Thank you. And our next question comes from the line of Ken Cacciatore with Cowen & Company. Your line is open.
Thanks, guys. Bruce I was wondering if I had asked business development question a little bit differently, we're often used to you buying single product assets, I was wondering, would you at all be interested or think of a company that has a portfolio of products instead of a single asset, and maybe a company that you will view as mismanaged spending, so you can take your operating excellence and kind of put it to a company like that. So as we look into the future, could we be thinking about business development a little bit differently or could we expect business development a little bit differently than the past? Thank you.
Yeah, Ken, really great insightful question. You know, it does so happen that a number of deals over the last few years have been primarily focused around a one asset, in some cases entirely focused around one asset, but we clearly are interested in collaborations and potential acquisitions that would be more portfolio based. You've seen some of our development oriented transactions be around a basket of targets for that reason, but I think you're asking a different question, which is, you know, up to an including a commercial business with multiple assets and absolutely, that is of interest to us as well.
Great. Thank you.
Thank you. And our last question comes from the line of Jacob Hughes with Wells Fargo Securities. Your line is now open.
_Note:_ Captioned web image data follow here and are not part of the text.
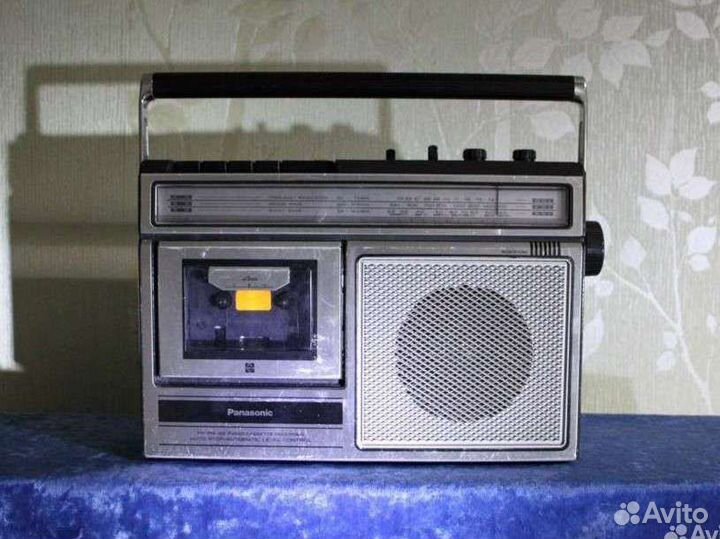 National Panasonic RX-1450WS. 1978г.+ FM 88-107,8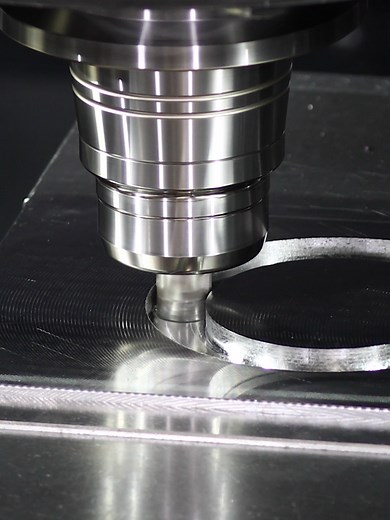 We drilled a hole of Φ100 in a thin plate with a milling cutter! #fyp #cnc #machine #tools #enginearing #ev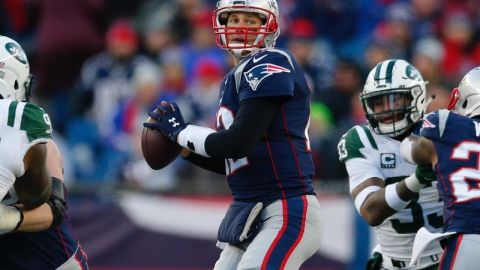 Brady da a los Patriots descanso en la primera ronda final.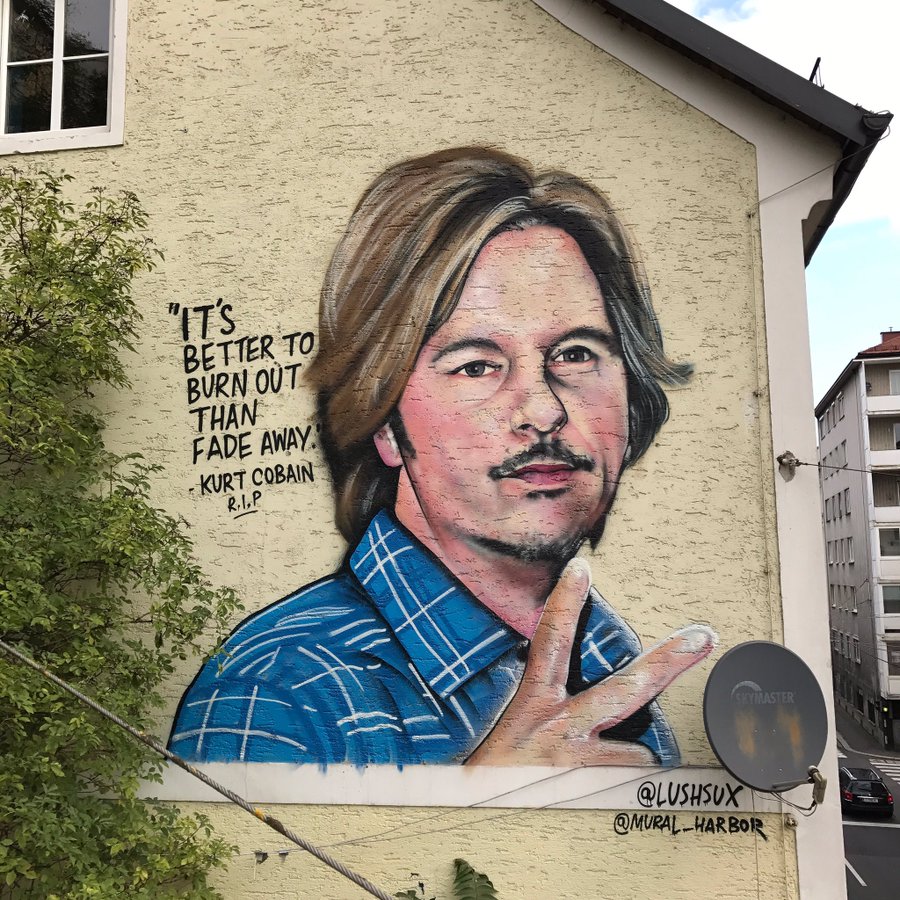 David Spade immortalised as Kurt Cobain in mural | Newshub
Hey, thanks for fitting me in. On Xywav, I think you said you're supposed to launch in fourth quarter falling rents implementation, is that rent implementation taking longer than you would have thought and what's causing the delay there if there is one? And also, if you could just give to what percent enrollment you're at currently on the 458 trial? Thanks.
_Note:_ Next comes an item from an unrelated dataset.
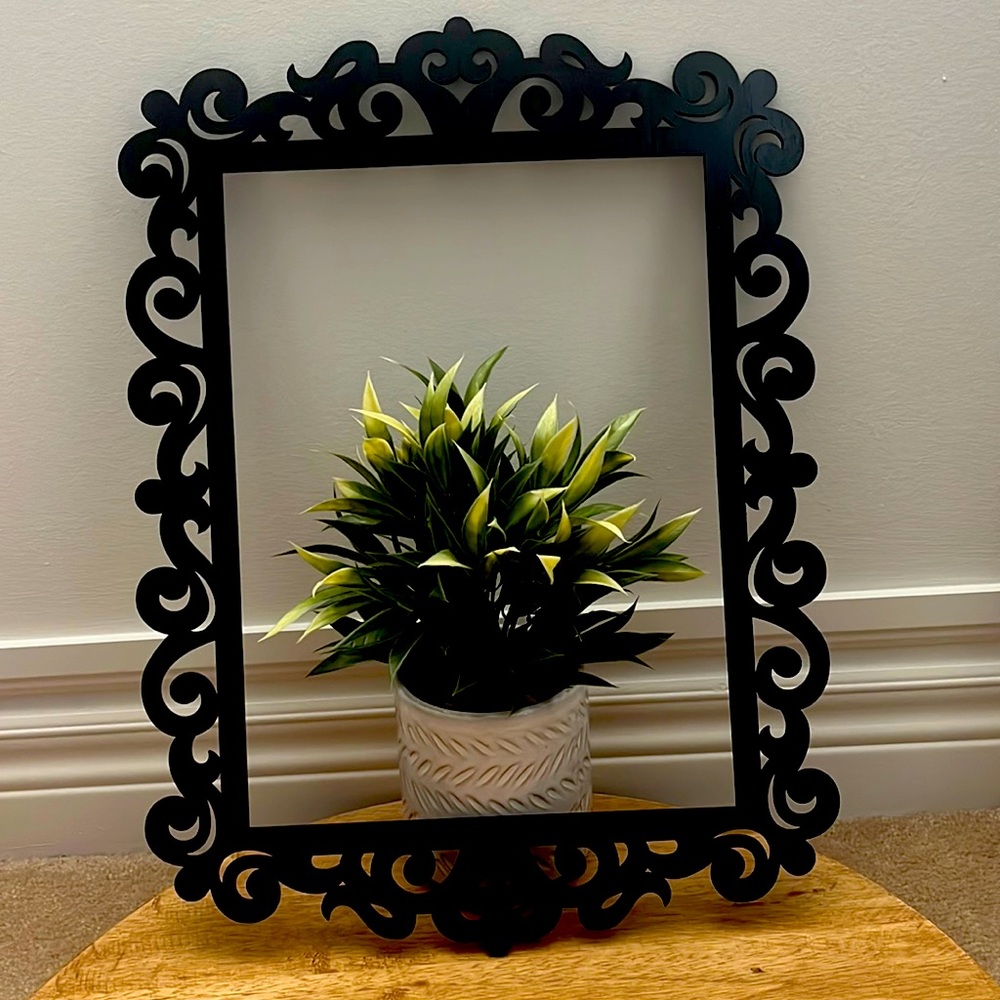5/$20 Black wood flat frame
Yeah, Jacob, Bruce, I’ll take those questions. We're not going to give specific enrollment percentage other than I'll reiterate Rob's comments from earlier that our trial is enrolling well. On Xyrem in the REMS implementation, actually we have a goal of doing it faster than we've done it before. You know last time we needed to implement a REMS, you know, updated REMS was for the pediatric launch. We think we can do it a little bit faster this time, but we want to make sure we're ready to go and the patients will get the right treatment.
They'll get the right counseling. They'll understand how to use the medication safely. They'll understand, you know, how the system works, that will have different forms for the two products. So, we do have some work to do there, but we're right on track to launch on the timeline we had laid out.
And maybe I can just end, since I think that was our last question before I turn it back over to Kathy to say, you know, we're excited that we reported good results and to raise guidance on both the top and bottom line, but I think we're even more excited about the future with Xywav launch upcoming, our progress on JZP-458, our upcoming data in a potential launch next year on idiopathic hypersomnia, and our opportunities on the corp dev side, and I want to end by thanking our employees for their continued focus during this unprecedented time on making sure we take good care of patients.
So, Kathy with that back over to you.
Thank you, Bruce, and thanks, Chris, for your help today. Thanks to all of you for joining us today. We will be participating in the upcoming Morgan Stanley, Cantor, and BOA Healthcare Conferences, and hope to speak with many of you during these events. This now ends our call.
Ladies and gentlemen, this concludes today's conference call. Thank you for participating. You may now disconnect.